ACTIVITY
Down to the last line, set down the listing below exactly, apart from its pictures.

◇ ◇ ◇

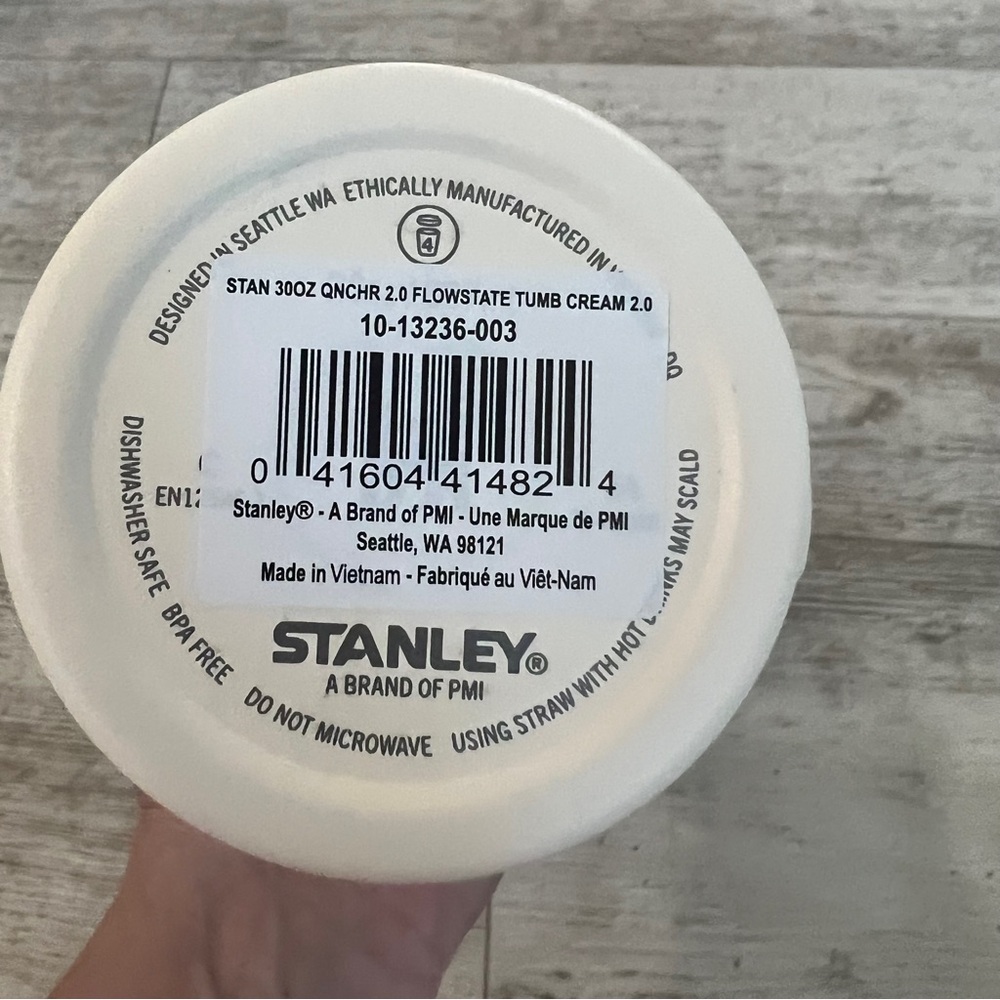 Stanley Cream Colored Quencher H2.0
Tumbler 30 oz - Brand New!! - Picture 6 of 8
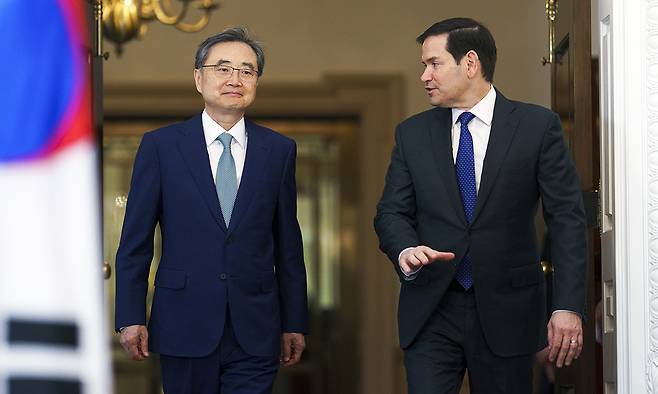 조현 외교부 장관(왼쪽), 마코 루비오 미국 국무부 장관. EPA연합뉴스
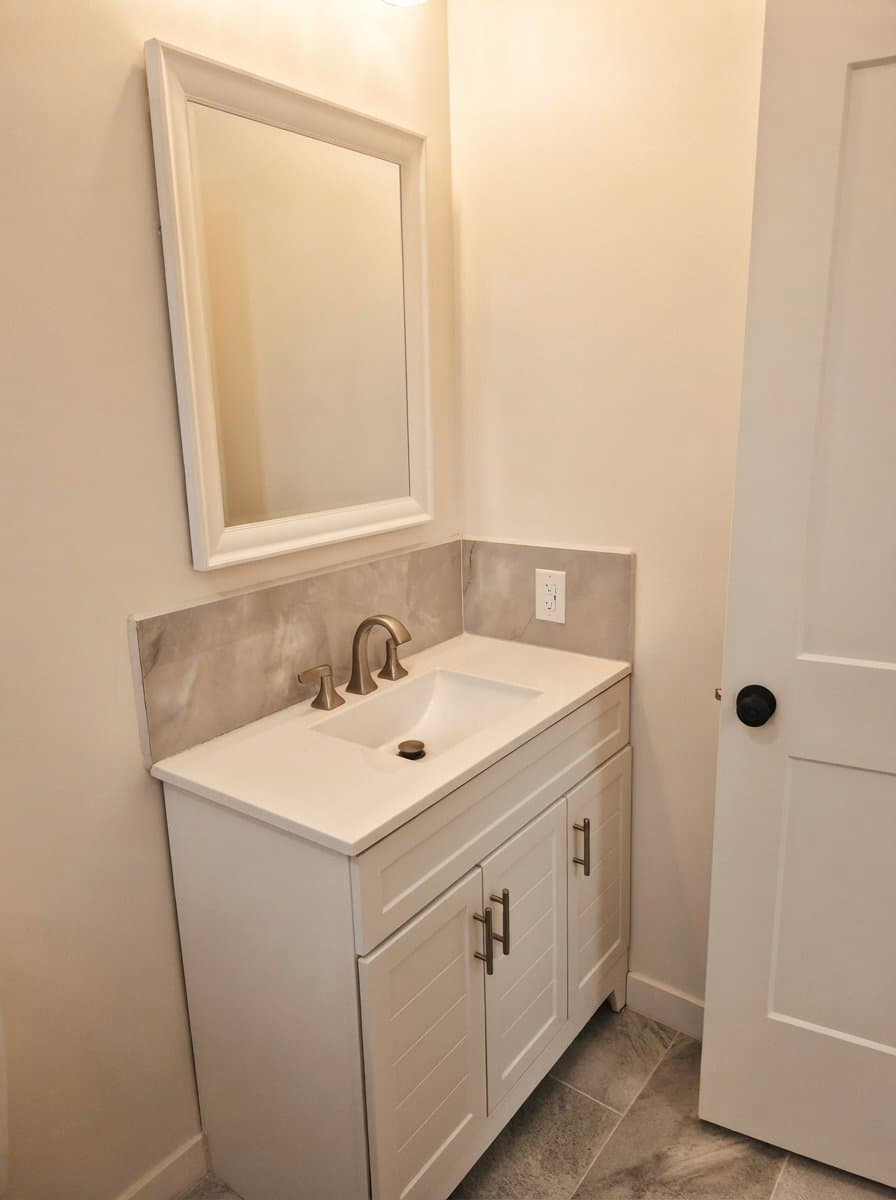 Visalia House: 6712 Fig Ave Unit A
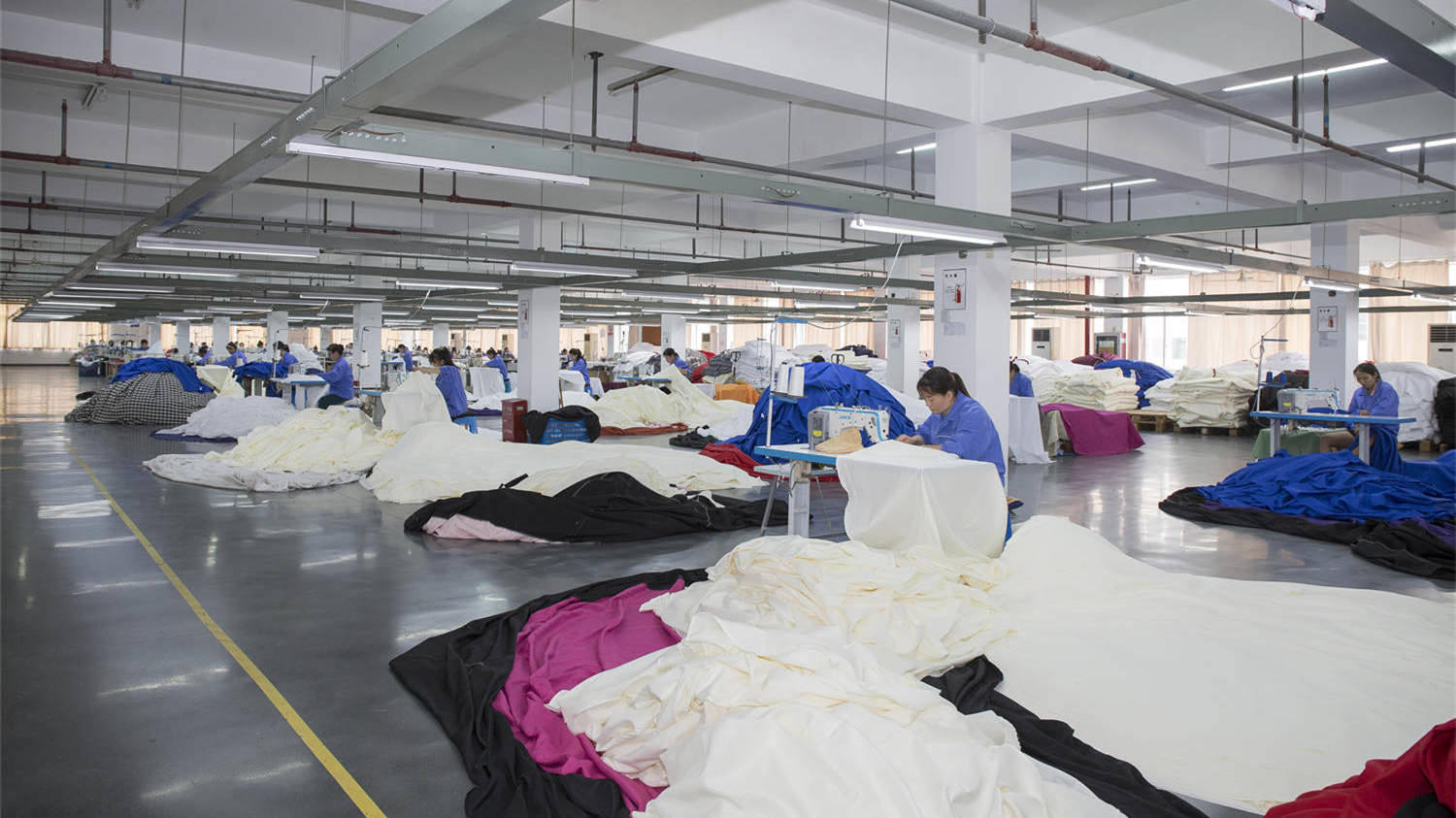 Nantong Huaqin Textile Decoration Co., Ltd. Tablecloths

◇ ◇ ◇

SOLUTION TO THIS EXERCISE
 Stanley Cream Colored Quencher H2.0
Tumbler 30 oz - Brand New!! - Picture 6 of 8
 조현 외교부 장관(왼쪽), 마코 루비오 미국 국무부 장관. EPA연합뉴스
 Visalia House: 6712 Fig Ave Unit A
 Nantong Huaqin Textile Decoration Co., Ltd. Tablecloths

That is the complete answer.